■ **What is required**
Though the entries contain pictures, the copy you make should hold only the rest, exactly as written.

Items from a data source:
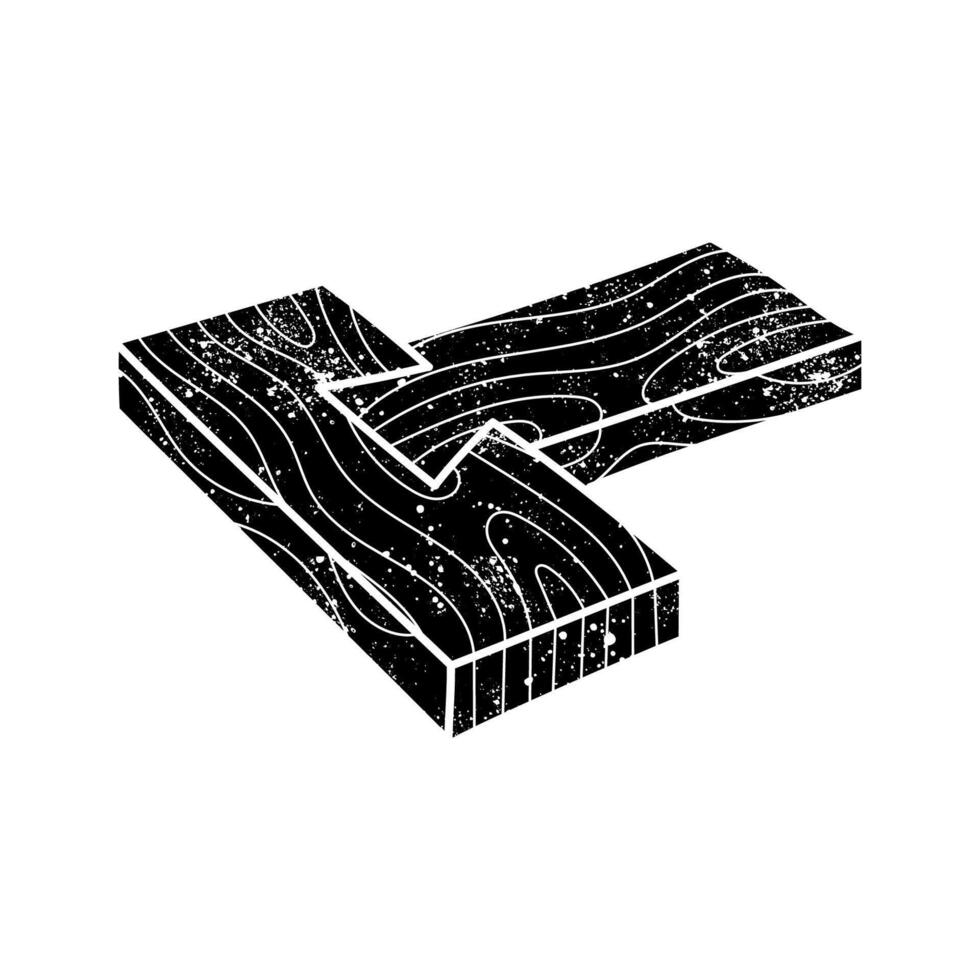 Wood joint black hand drawn icon in grunge look vector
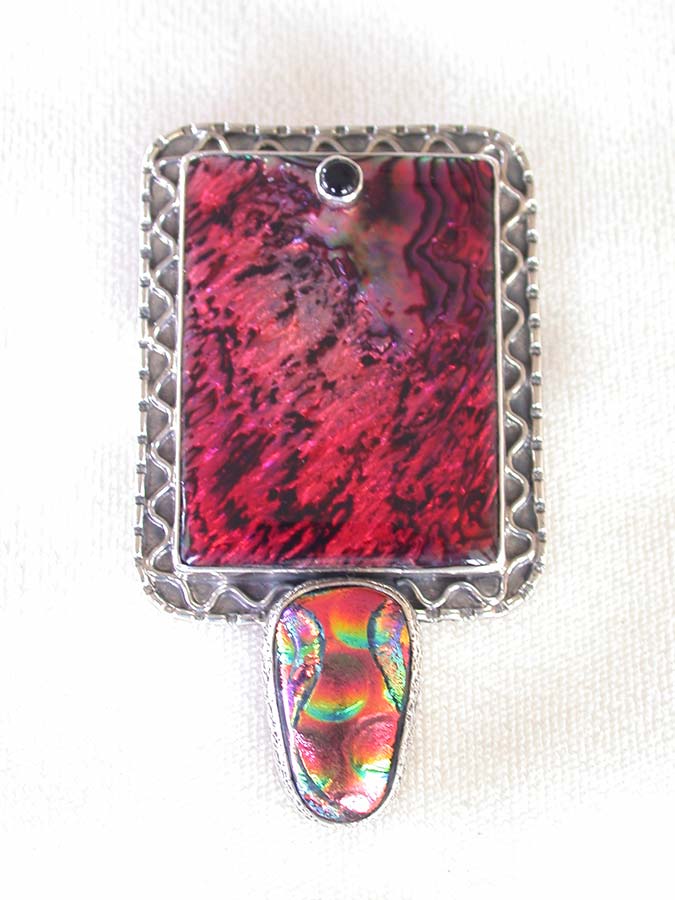 Amy Kahn Russell Online Trunk Show: Garnet, Abalone and Art Glass Pin/Pendant | Rendezvous Gallery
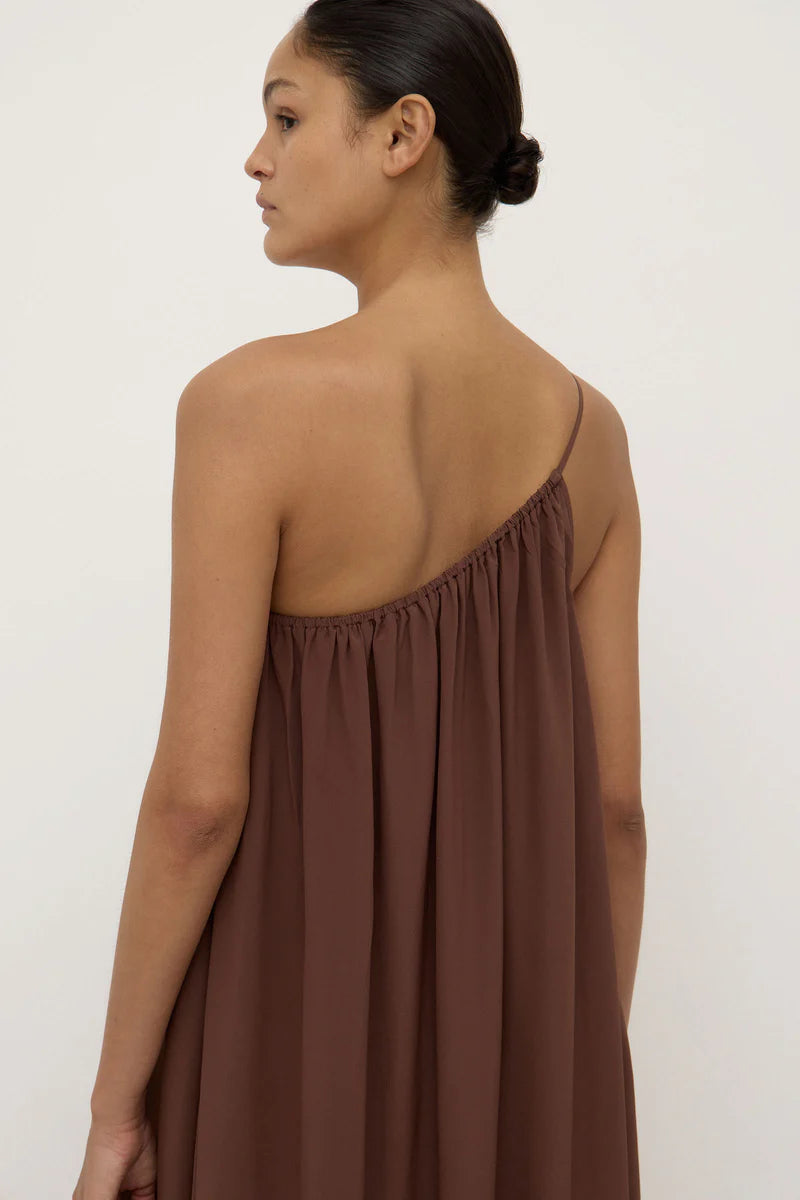 MILA ASYMMETRICAL MAXI DRESS | ESPRESSO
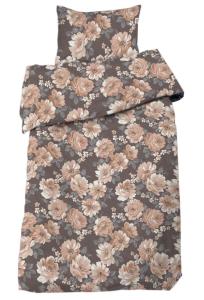 Bäddset DAGMAR i satin med stora aprikos blommor på nougatfärgad botten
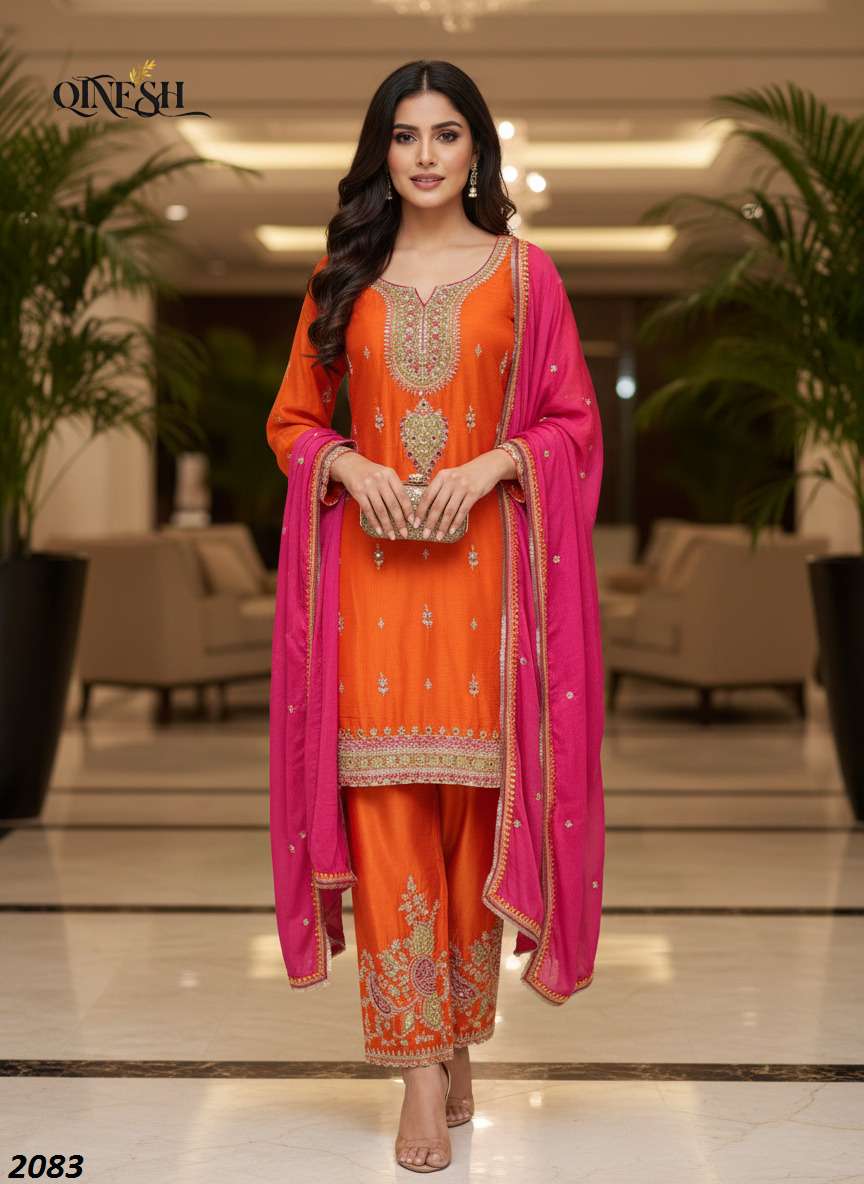 QTNESH 2083 TO 2086 READYMADE COLLECTION CHINON WITH EMBROID...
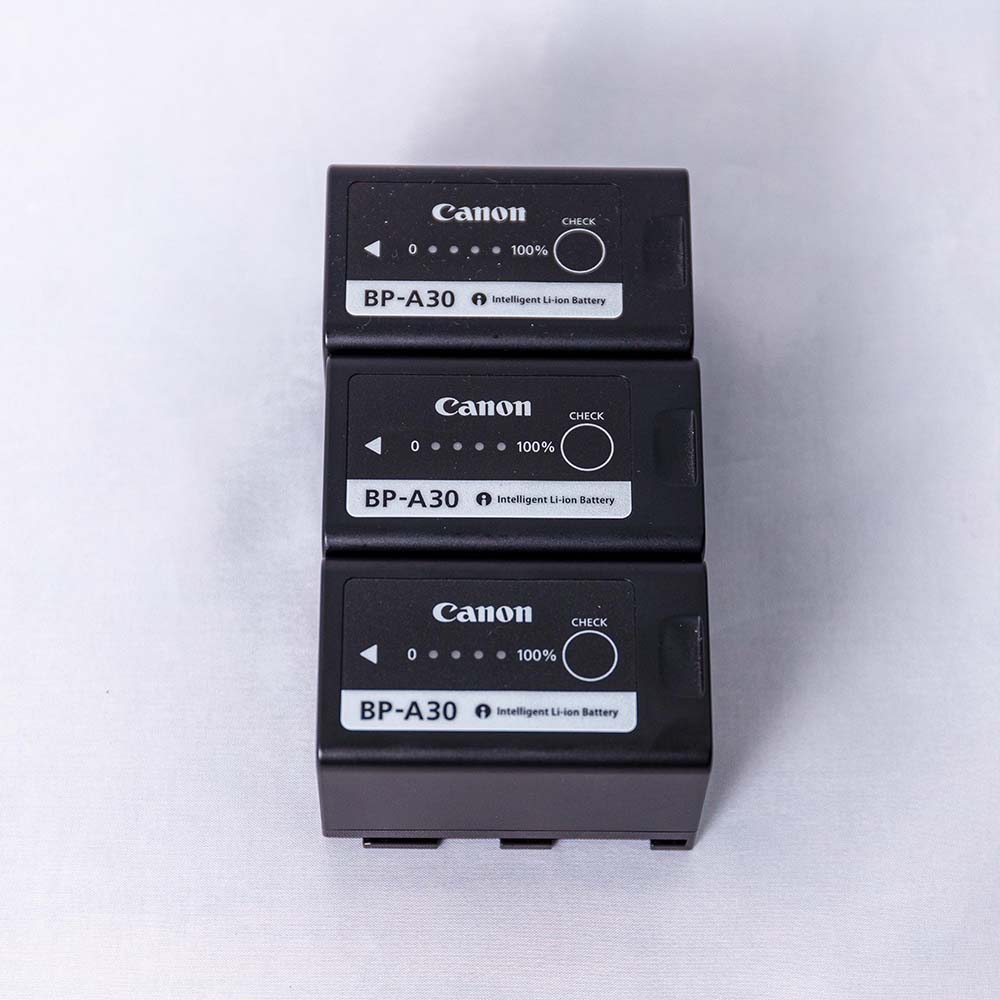 Image for Three Canon BP-A30 batteries for Canon C200, C300 mk II, C200B hero section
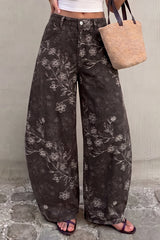 Denim Floral Embroidery Pocket Barrel Jeans
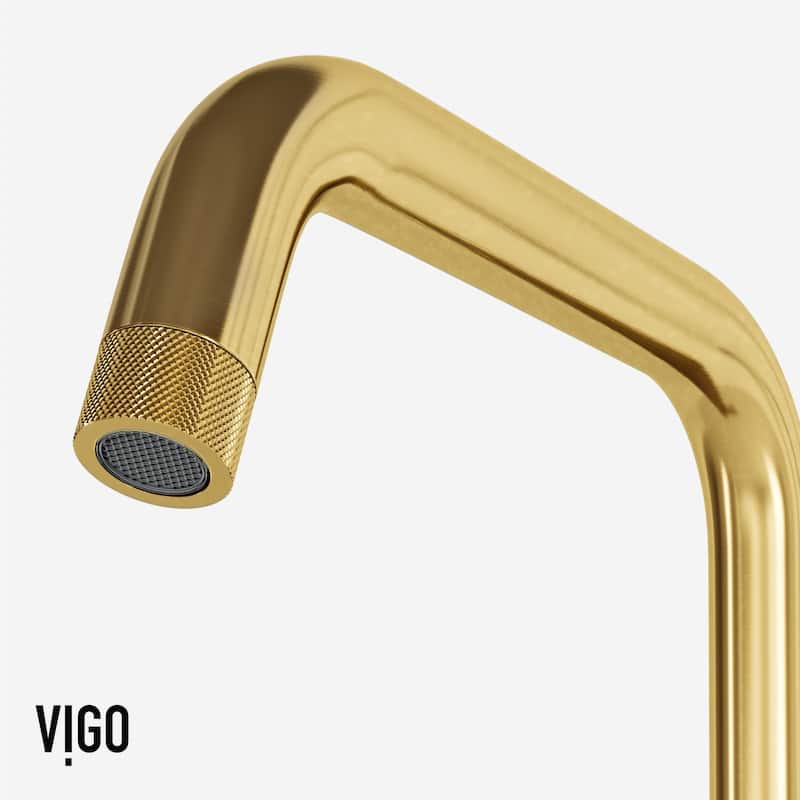 VIGO Cass Industrial 14" H Single Handle Kitchen Bar Faucet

■ **Solution to the problem**
 Wood joint black hand drawn icon in grunge look vector
 Amy Kahn Russell Online Trunk Show: Garnet, Abalone and Art Glass Pin/Pendant | Rendezvous Gallery
 MILA ASYMMETRICAL MAXI DRESS | ESPRESSO
 Bäddset DAGMAR i satin med stora aprikos blommor på nougatfärgad botten
 QTNESH 2083 TO 2086 READYMADE COLLECTION CHINON WITH EMBROID...
 Image for Three Canon BP-A30 batteries for Canon C200, C300 mk II, C200B hero section
 Denim Floral Embroidery Pocket Barrel Jeans
 VIGO Cass Industrial 14" H Single Handle Kitchen Bar Faucet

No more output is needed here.